2.1. En el primer cargo, el demandante se refirió a dos supuestas irregularidades: la una, constitutiva de violación del principio de investigación integral, y la otra, del derecho de defensa, que al obrar en una idéntica censura desconoció los principios de autonomía e independencia en casación, así como de prioridad en la formulación de nulidades, por cuanto debió proponerlas en distintos reproches, precisando además cuál tenía que ser la principal y cuál la subsidiaria, puesto que cada una de ellas suscitaba la invalidez de lo actuado en momentos procesales diferentes.
Como si lo anterior fuese poco, el abogado no demostró que cualquiera de las aludidas anomalías procesales afectaba garantías judiciales o menoscababa las bases fundamentales de la instrucción o el juzgamiento. Por una parte, la Corte ha señalado de vieja data, respecto del principio de investigación integral, que su violación «no se produce per se por la no verificación de las citas hechas por el procesado en la indagatoria, la negación de las solicitadas por los sujetos procesales o por no haberse practicado las que fueron decretadas»21 y que la pertinencia, conducencia y utilidad de los medios de conocimiento objeto de reclamo «no deriva de la prueba en sí misma considerada, como lo ha reiterado la Sala, sino de su confrontación lógica con los elementos de convicción que sustentaron el fallo, de modo que se evidencie que, de haberse practicado, la orientación de éste hubiera sido distinta»22. Tampoco se vulnera el principio ante el solo hecho de que la prueba negada u omitida apoyase una de las tantas hipótesis defensivas argüidas en el proceso:
Parece entender el libelista, de manera equivocada, que la garantía de investigar lo favorable al encartado se extiende a tal punto que resulta posible reclamar tantas pruebas como hipótesis defensivas se propongan, lo que en sana lógica haría interminable una actuación procesal en el trámite de las instancias y en esta sede extraordinaria incontables serían las objeciones presentadas por este motivo23.

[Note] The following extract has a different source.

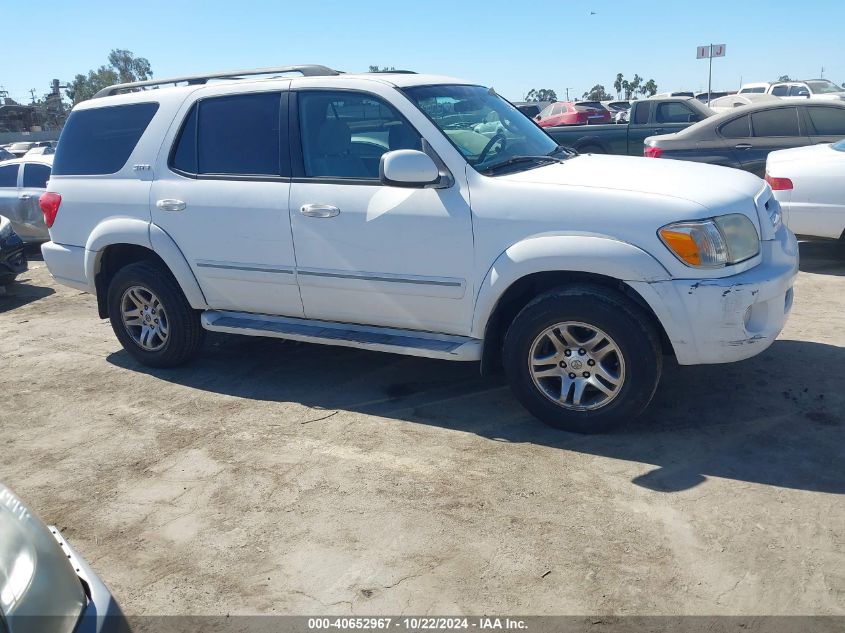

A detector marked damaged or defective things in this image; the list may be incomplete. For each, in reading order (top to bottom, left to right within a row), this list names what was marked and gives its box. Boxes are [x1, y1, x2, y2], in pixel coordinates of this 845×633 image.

cracked asphalt [0, 241, 840, 612]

En el presente asunto, el demandante de ninguna forma estableció que la única estrategia de defensa, por lo menos en cuanto a la realidad histórica de la imputación, era la que pretendía demostrar con los medios de prueba que le fueron negados durante la fase instructiva del proceso, en el sentido de que las actividades realizadas por ALFONSO APARICIO CORREDOR QUECÁN como representante legal de Coomulcol (negociaciones de títulos en el mercado bursátil) eran legales.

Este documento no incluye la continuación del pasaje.